This is evident when I show what handwritten Japanese (Kanji only without any Kana) looks like, they still mistake it for Mandarin (due them being logographic), the same applies towards google searches too, as when I type a Japanese word in Kanji (despite having the UI and browser set in Japanese or English) I still get results in Mandarin since all the websites contain the TLD .cn or .tw when I am looking for Japanese websites ending with (.jp).
If a person is clueless about distinguishing the differences between languages (especially ones that look similar when written even though they’re different, kind of like when writing in French & English but they’re still different languages), then they fall into the trap of “Is that French?” or vice versa for example, when in fact it’s written in English. Does this word all look the “same” to you or not when telling the difference between 日本語 or 中文?.
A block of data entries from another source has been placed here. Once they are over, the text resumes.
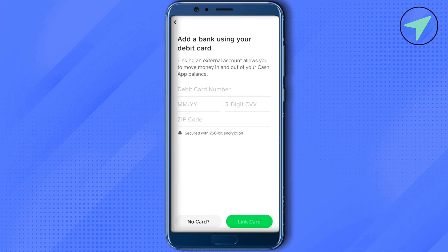Provide the details of your Chime debit card and link it. In case you want to link using the details of your Chime bank account instead, just simply click on the option of No Card.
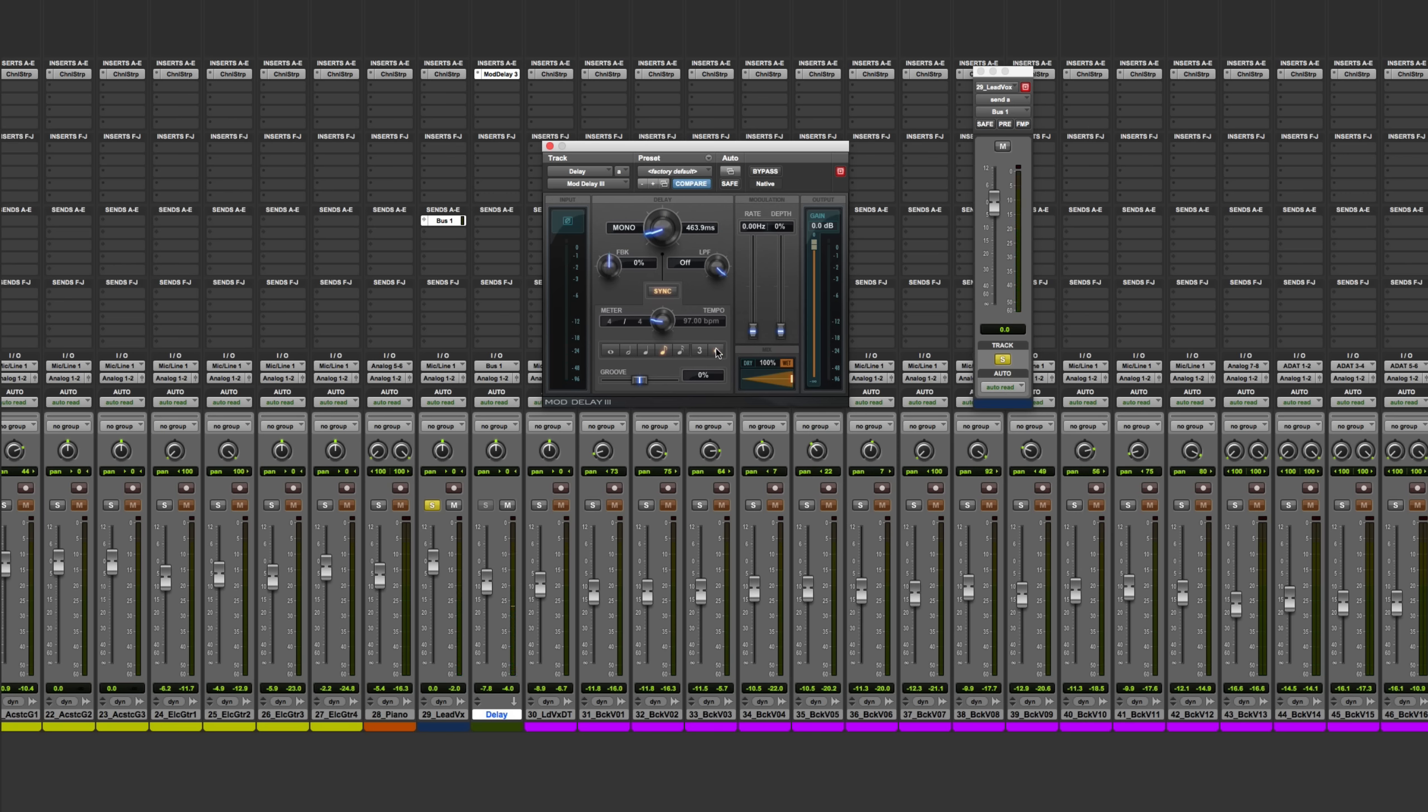Next, let me show you a different kind of delay effect, and that's the slap echo. Here, we're intentionally not going to use a tempo-synchronized delay time. We're in fact going to manually set the delay time to be somewhere between 120 and 150.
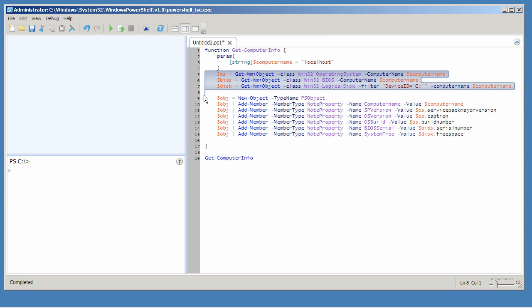That doesn't mean you should try to do that same trick with Write-Output. PowerShell is not crazy about working with text — it likes to work with objects. And we've said before that each script you write should only return one kind of object.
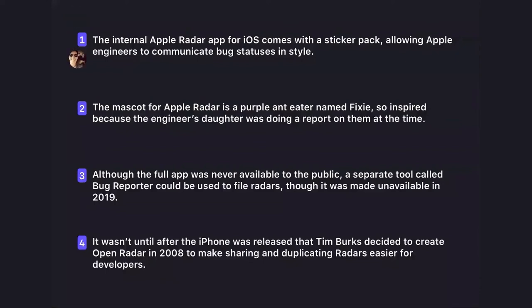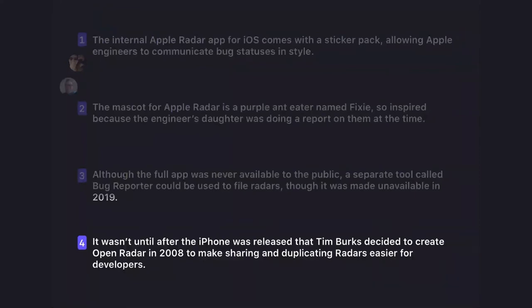Spencer also goes with number one — it feels weird that developers would use sticker packs to communicate bug statuses. He thinks they probably have a more mundane system. Dimitri confirms that statement four — Open Radar by Tim Burks — is true. Open Radar is a website (openradar.appspot.com) where you can copy-paste your radar into a publicly searchable database that other developers can look up and use to duplicate your report.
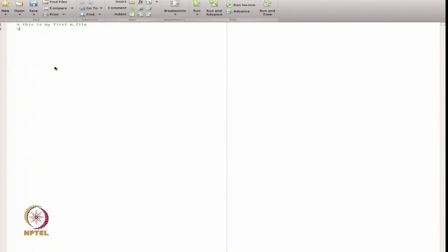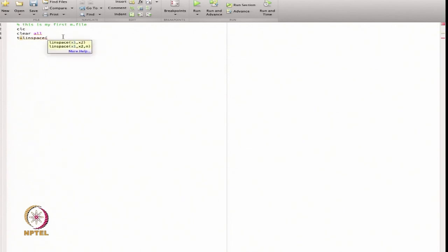I always start with clc and clear all. clc clears everything on the command window, and clear all removes all variables from the workspace. Now I define a variable t using linspace, from 0 to 2π with 100 points. That is my value of t.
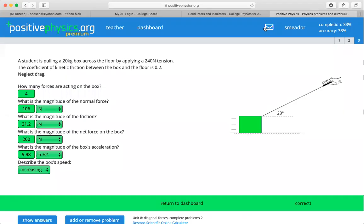Hi all, Dr. Metter here. Let's look at this problem from complete problem set number two of our diagonal forces unit. A student is pulling a 20 kilogram box across the floor by applying a 240 Newton tension. The coefficient of friction between the box and the floor is 0.2. How many forces are acting on the box?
You get the point, I still get comments equivalent to “is that Chinese?” when there’s kana present within the sentence (which Mandarin does not have, as they write entirely in Hanzi). Some words are written the same but pronunciation is very different as they’re unrelated languages. Does the same thing happen to let’s say Norwegian & Danish (or any other European language) since both pairs use similar alphabets and have an identical writing system?
From Japanese or Mandarin, there are characters that look the same but have different pronunciations altogether like:
| - | 日本語 | 中文 |
|---|---|---|
| 擲弾兵 | てきだんへい | Zhì dàn bīng |
| 艦隊 | かんたい | Jiànduì |
| 陸軍 | りくぐん | Lùjūn |
| 神社 | じんじゃ | Shénshè |
| 地獄 | じごく | Dìyù |
Isn’t it kinda obvious that people aren’t particularly good at recognizing languages they don’t know? Obviously, this affects all languages.
I don’t have a concrete answer to your question, but it does sound an awful lot like you’re getting xckd 2501’d:

I’m a native English speaker with auditory processing problems. I have occasionally mistaken spoken German for “English that my brain didn’t want to cooperate with.”
When I hear drunk Finnish as a Hungarian, my brain goes into overdrive to try to decode it. I swear that if I were drunk enough, I could understand it. I do not understand one squeek of sober Finnish though.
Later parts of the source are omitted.